Bu ve benzeri ayet-i kerimeler dinî hasebi ve iman nesebi ile itibar kazananları müjdelemektedir. Kim bu zikredilen meziyetleri haiz ve ahlâkını da bunlarla bezetmiş ise, soyu müslüman bir aileden gelmese bile hasep sahibidir, gerçek itibarı elde etmiş demektir.

İtibar sahibi ise kerimdir, eli açık ve yardımseverdir. Hayâ eder, kapıya geleni boş çevirmez. Derdi olanı çaresiz, darda olanı yalnız bırakmaz. Allah Tealâ en iyisini bilendir.

* Kelâbâzî, Bahrü’l-Fevâid, s. 645, Hadis no. 750. Hadis, İmam Kelâbâzî rh.a.’in müstakil rivayetlerindendir. Bilindiği üzere İmam Kelâbâzî hicri 4. asır muhaddis ve hafızlarındandır. Rivayetleri, meşhur hadis âlimlerine kaynak olmuştur. "Fethu’l-Bârî" müellifi İbn Hacer Askalânî, "Bahru’r-Râik" müellifi Zeyn b. İbrahim el-Hanefî, "el-Beyan" müellifi İbrahim b. Muhammed el-Hüseynî, "Muvatta" şârihi ez-Zerkânî, "Tavzîhü’l-Makâsıd" müellifi Ahmed b. İbrahim el-Hanbelî, "Câmiu’t-Tirmizî" şârihi el-Mübarekfûrî, "Feyzü’l-Kadir" müellifi Abdurrauf el-Münâvî gibi meşhur hadis âlimleri eserlerinde İmam Kelâbâzî'den nakiller yapmışlardır.
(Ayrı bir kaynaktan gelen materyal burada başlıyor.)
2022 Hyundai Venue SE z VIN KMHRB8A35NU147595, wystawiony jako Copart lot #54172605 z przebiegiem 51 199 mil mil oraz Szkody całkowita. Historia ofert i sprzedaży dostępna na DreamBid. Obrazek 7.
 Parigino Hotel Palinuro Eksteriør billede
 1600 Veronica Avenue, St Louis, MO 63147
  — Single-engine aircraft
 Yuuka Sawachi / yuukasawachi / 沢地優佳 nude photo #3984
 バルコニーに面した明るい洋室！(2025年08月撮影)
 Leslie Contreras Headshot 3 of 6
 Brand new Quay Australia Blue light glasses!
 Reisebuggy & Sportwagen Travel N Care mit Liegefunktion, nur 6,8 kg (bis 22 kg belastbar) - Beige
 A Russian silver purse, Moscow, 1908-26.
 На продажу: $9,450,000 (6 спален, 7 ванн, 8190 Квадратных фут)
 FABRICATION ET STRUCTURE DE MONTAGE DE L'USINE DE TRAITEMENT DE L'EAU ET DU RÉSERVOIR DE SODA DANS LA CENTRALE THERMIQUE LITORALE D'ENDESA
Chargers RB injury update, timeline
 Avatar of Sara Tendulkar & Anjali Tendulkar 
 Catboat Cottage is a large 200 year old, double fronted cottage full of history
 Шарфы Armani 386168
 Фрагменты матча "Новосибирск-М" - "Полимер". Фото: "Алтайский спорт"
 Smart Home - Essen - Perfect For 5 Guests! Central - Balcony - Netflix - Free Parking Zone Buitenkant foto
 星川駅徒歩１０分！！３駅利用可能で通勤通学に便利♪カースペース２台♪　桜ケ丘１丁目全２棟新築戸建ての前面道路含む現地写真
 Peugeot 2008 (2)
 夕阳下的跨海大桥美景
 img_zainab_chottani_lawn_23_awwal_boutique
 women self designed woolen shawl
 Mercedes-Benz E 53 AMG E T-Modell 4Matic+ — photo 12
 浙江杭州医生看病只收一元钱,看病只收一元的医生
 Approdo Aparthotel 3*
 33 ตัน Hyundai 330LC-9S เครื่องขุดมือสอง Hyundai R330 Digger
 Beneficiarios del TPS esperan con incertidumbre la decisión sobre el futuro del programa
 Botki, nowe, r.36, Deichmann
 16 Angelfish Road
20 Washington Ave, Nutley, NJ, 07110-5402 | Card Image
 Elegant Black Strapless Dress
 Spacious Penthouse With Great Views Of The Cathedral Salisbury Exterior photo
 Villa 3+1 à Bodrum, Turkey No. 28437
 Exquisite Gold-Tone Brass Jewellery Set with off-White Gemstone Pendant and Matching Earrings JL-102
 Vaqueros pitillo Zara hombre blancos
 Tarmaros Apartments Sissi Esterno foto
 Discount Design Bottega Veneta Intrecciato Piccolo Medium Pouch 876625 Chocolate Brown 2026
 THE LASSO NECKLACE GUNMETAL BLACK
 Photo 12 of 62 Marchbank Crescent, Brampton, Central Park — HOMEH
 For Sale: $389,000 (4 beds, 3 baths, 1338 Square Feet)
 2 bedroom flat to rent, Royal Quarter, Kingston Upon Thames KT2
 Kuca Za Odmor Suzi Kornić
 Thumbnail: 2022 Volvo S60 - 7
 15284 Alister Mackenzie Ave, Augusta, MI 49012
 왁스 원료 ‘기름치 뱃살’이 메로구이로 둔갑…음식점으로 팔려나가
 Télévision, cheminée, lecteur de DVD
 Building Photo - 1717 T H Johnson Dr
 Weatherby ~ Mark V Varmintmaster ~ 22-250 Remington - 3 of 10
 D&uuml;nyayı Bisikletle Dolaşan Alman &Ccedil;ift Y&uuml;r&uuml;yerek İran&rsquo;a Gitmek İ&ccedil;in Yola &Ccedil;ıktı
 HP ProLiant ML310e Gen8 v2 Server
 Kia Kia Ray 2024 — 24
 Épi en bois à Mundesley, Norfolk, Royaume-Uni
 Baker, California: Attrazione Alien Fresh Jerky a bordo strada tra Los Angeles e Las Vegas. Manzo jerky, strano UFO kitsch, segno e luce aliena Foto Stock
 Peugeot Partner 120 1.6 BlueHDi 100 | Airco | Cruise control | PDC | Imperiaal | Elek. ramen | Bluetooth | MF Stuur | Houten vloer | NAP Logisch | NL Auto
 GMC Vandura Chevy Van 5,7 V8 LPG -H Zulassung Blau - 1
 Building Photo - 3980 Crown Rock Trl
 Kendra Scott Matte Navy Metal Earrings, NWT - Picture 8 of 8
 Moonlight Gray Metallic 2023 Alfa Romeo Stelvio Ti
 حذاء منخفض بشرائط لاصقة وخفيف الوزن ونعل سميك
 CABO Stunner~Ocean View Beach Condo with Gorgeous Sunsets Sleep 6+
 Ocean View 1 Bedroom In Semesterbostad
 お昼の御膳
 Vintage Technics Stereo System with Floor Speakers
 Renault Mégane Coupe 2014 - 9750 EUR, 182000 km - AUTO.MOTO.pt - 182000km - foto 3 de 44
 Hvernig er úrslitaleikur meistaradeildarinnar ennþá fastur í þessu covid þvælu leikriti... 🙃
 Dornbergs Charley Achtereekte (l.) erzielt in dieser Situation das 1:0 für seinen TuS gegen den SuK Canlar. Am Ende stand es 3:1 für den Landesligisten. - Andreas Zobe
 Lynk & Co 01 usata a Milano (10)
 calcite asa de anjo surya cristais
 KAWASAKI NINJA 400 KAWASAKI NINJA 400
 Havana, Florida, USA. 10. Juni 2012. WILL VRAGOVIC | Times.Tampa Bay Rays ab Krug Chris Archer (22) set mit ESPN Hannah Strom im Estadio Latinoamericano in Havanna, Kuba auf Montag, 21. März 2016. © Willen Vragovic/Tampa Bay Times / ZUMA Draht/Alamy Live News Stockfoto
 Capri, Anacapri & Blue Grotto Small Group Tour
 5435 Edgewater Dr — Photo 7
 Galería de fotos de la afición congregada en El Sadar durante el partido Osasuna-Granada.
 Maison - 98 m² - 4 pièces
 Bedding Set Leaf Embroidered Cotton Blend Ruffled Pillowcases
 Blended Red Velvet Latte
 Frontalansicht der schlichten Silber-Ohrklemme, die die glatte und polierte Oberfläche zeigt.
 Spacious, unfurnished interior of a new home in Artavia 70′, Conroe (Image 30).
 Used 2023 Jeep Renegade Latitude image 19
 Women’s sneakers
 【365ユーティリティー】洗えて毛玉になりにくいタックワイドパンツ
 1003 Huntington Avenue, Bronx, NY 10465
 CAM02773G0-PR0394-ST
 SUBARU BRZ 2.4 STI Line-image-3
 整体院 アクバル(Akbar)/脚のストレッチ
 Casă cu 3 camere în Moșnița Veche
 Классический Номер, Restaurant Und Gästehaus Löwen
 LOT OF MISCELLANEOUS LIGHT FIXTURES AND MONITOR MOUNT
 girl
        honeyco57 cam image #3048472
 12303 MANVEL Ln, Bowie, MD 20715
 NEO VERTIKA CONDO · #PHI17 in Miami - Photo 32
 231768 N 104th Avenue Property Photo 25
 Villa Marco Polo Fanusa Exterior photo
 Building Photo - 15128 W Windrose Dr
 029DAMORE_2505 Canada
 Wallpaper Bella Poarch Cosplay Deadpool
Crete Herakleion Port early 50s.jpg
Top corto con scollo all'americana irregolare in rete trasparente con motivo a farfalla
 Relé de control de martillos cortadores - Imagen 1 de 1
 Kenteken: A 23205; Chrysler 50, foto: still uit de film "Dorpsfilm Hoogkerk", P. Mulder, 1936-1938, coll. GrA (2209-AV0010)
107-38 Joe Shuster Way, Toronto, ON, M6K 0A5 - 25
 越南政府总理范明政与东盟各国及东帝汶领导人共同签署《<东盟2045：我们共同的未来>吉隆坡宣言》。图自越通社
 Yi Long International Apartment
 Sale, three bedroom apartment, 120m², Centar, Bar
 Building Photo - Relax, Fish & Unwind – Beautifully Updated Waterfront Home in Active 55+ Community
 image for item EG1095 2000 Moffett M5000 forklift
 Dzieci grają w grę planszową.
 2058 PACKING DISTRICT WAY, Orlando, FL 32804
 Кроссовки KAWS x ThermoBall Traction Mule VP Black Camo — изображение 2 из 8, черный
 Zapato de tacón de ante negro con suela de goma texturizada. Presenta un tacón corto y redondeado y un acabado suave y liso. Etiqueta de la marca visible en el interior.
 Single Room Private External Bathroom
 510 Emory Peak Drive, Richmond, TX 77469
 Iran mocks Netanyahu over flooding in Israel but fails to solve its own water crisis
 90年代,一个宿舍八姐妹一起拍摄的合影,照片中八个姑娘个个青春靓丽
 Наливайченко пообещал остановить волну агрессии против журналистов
** Kibrît-i Ahmer (Kırmızı Kükürt): Eski kültürlerde kimyasal işlemle madenleri altına dönüştürücü özelliği olduğuna inanılan, nadir bulunan, çok değerli bir iksir. Bu özelliğinden dolayı Kibrît-i Ahmer kavramı zamanla kimya dışında sembolik anlatımlar için kullanılmıştır. Tasavvufun kimya dilini kullanmasından dolayı, zaman içerisinde mutluluğu elde etmek anlamına gelen “kimyâ-yı saâdet” gibi yeni kavramlar da oluşmuştur. Kibrît-i ahmer sözü ise kıymetli ve nadir bulunan varlıkları (mürşid-i kâmili) ifade etmede kullanılır. Dönüştürme ve mükemmel kılma gücü de olan kibrît-i ahmer, kazandığı tasavvufî anlamlarla klasik Türk şiirinde işlenmiştir. (Bkz. Mehmet Korkut Çeçen, Eski Kimyada Kibrit-i Ahmer Teriminin Türk Şiirine Yansımaları.)